Self-proclaimed "anti-Zionist" students here at the University of California at Berkeley and and at college campuses across the country voiced their excitement this week at the prospect of a full return to normal, which for them involves actual presence in a lecture hall and the regular harassment of Jews on- and off-campus, as they exercise their animus toward those of the Hebraic persuasion by couching it in the more socially and politically accepted idiom of opposition to the Israeli government, its alleged policies, or other libels.

"It's been a tough year," acknowledged Jewish Voice for Peace activist Muhammad Bakri, who attends Berkeley. "Getting together on a screen to learn, or to rail against Jewish settlers or against ethnic cleansing just doesn't provide the same experience, or the same emotional rush as getting in the face of a Jew because I'm convinced that other Jews somewhere else have done something horrible to brown people. I can't wait to get back to that kind of fulfilling education and activism."

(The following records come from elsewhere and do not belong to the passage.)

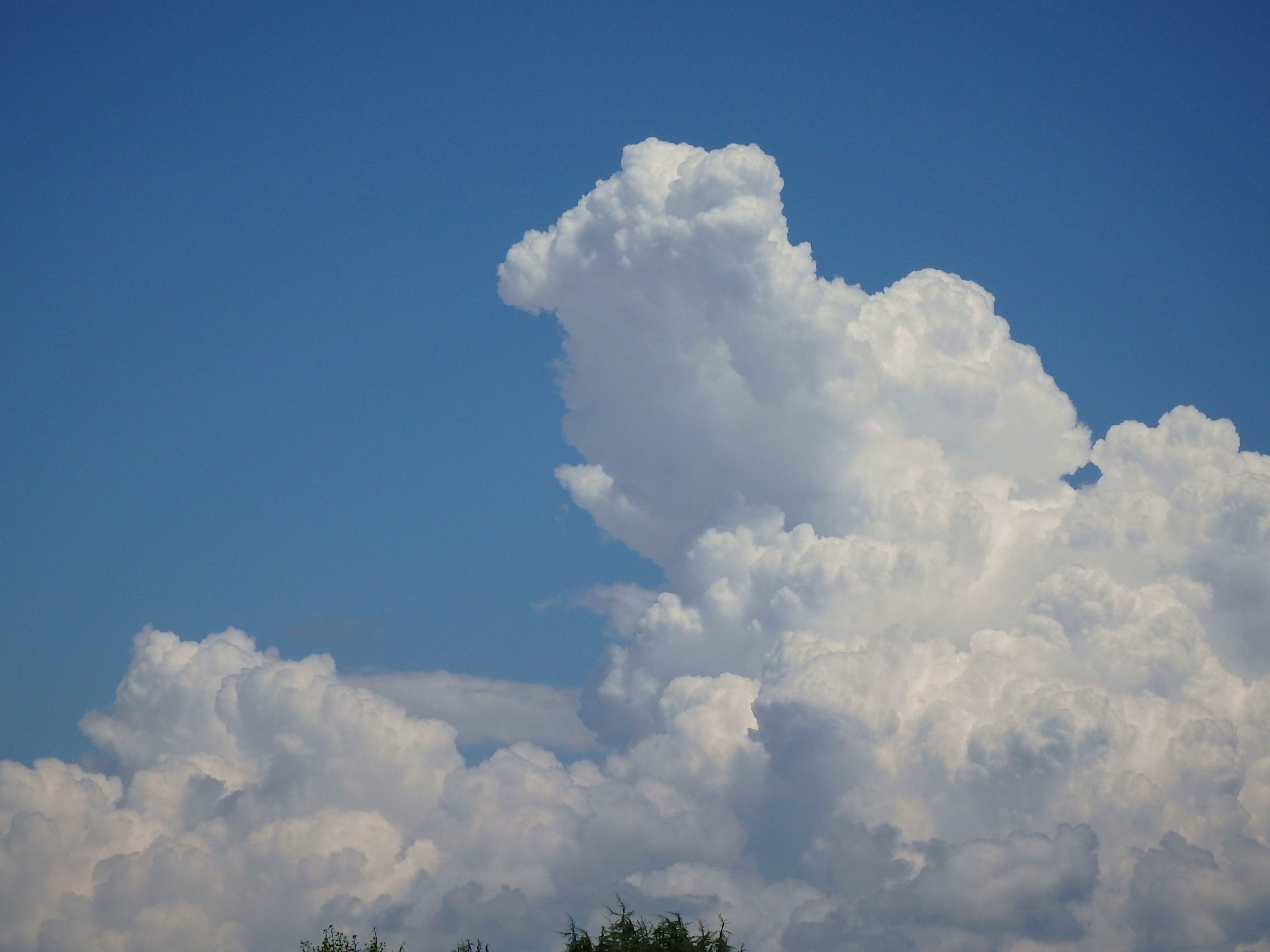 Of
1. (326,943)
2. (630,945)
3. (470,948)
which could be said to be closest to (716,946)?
(630,945)

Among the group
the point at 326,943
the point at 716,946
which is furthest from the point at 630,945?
the point at 326,943

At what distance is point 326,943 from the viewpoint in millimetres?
185250

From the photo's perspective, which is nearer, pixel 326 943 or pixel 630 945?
pixel 630 945

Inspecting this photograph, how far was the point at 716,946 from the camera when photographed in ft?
575

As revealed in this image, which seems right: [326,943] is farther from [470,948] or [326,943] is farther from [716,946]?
[716,946]

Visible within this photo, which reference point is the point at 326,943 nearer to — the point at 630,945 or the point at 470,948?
the point at 470,948

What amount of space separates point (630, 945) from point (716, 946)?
368 inches

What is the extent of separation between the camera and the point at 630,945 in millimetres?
170875

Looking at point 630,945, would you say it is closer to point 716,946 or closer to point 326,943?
point 716,946

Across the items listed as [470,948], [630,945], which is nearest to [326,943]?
[470,948]

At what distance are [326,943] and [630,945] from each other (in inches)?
1338

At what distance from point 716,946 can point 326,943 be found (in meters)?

"My posters calling for BDS have been sitting in my room for months and months," lamented Charlize Beckett, a member of both of Students for Justice in Palestine and If Not Now and a student at Ohio State University. "I miss carrying them around campus and shouting at people I think are Zionists, on my way to class. I miss putting provocative messages on placards and challenging random people to condemn Israel or get called ethnic-cleansing apologists, Nakba-deniers, or white supremacists. You can't do that online, even on Twitter."

Faculty members displayed similar relief at finally being able to bring their antisemitic-dressed-up-as-anti-Israel-concern-for-human-rights diatribes and conduct back to the classroom. "During the pandemic closures and distance-learning I could still schedule exams for Jewish holidays," noted Oberlin University Professor of Sociology Cassandra Blohardt. "I could also try to single out students with Jewish-sounding names and berate them for not denouncing Israel. But on Zoom it just comes out wrong and you don't get the same effect as in the physical presence of a room full of other students, all condoning my actions with their silence and isolating the target of my projection. I want that Jewish student to feel intimidated, judged, and alone, like Israel."